After the end of the First World War , he took a position at the "German Research Institute for Textiles" in Karlsruhe and became head of the biological department. During this time Reimers published a number of papers on bast fibers . Based on these publications, he received his doctorate in Hamburg in 1922 . Ludwig Diels then appointed Reimers as an assistant at the Botanical Museum, where he became senior assistant in 1933 and curator for the Moosherbar in 1948 . Reimers retired in 1958; he still came to the museum every day until an illness prevented him from doing so.

His research trips took him to the Mark Brandenburg region , the southern Harz region and, occasionally, to other areas of Germany. Reimers' longest journey was to Cameroon in 1928 . The collections of plants and mosses from Cameroon survived the Second World War, but the corresponding field book with all information on the location was destroyed in the fire of the Botanical Garden and Botanical Museum Berlin-Dahlem , so that this collection was largely worthless.

The scope of his publications ranges from the vegetation of the Lithuanian raised bogs to South American gentian plants (Gentianaceae) to Carex reichbachi and the technical use of bast fibers.
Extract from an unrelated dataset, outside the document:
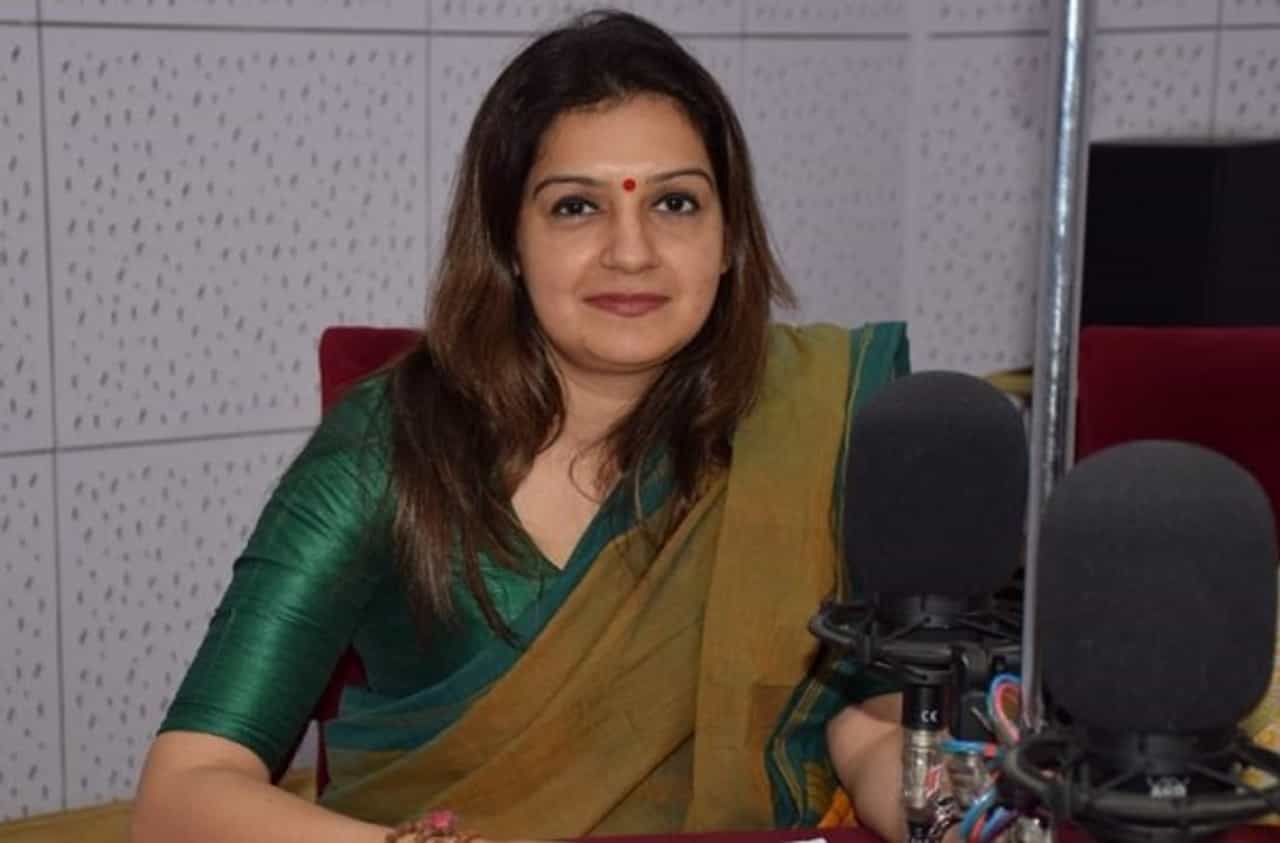 भाजपची सत्ता नसलेल्या राज्यातील नागरिकांना मोफत कोरोना लस नाही का? शिवसेनेचा सवाल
In more than half of his publications, however, he dealt with mosses.

Works

  • About the internal structure of the bast fibers (Berlin 1922)
  • The vegetation of the Rhon bogs (1924)
  • About the occurrence of the North American-East Asian deciduous moss (1925)
  • Contribution to the bryophyte flora of southern America I and II (1926)
  • About the thermotaxis of lower organisms Borntraeger (Leipzig 1927)
  • Vegetation studies on Lithuanian and East Prussian raised bogs Bavarian Academy of Sciences (Munich 1929)
  • Contribution to the moss flora of Korea (1930)

literature

  • Jens Eggers and Jan P Frahm: Lexicon of German-speaking bryologists. Books on Demand 2001, pp. 399-403.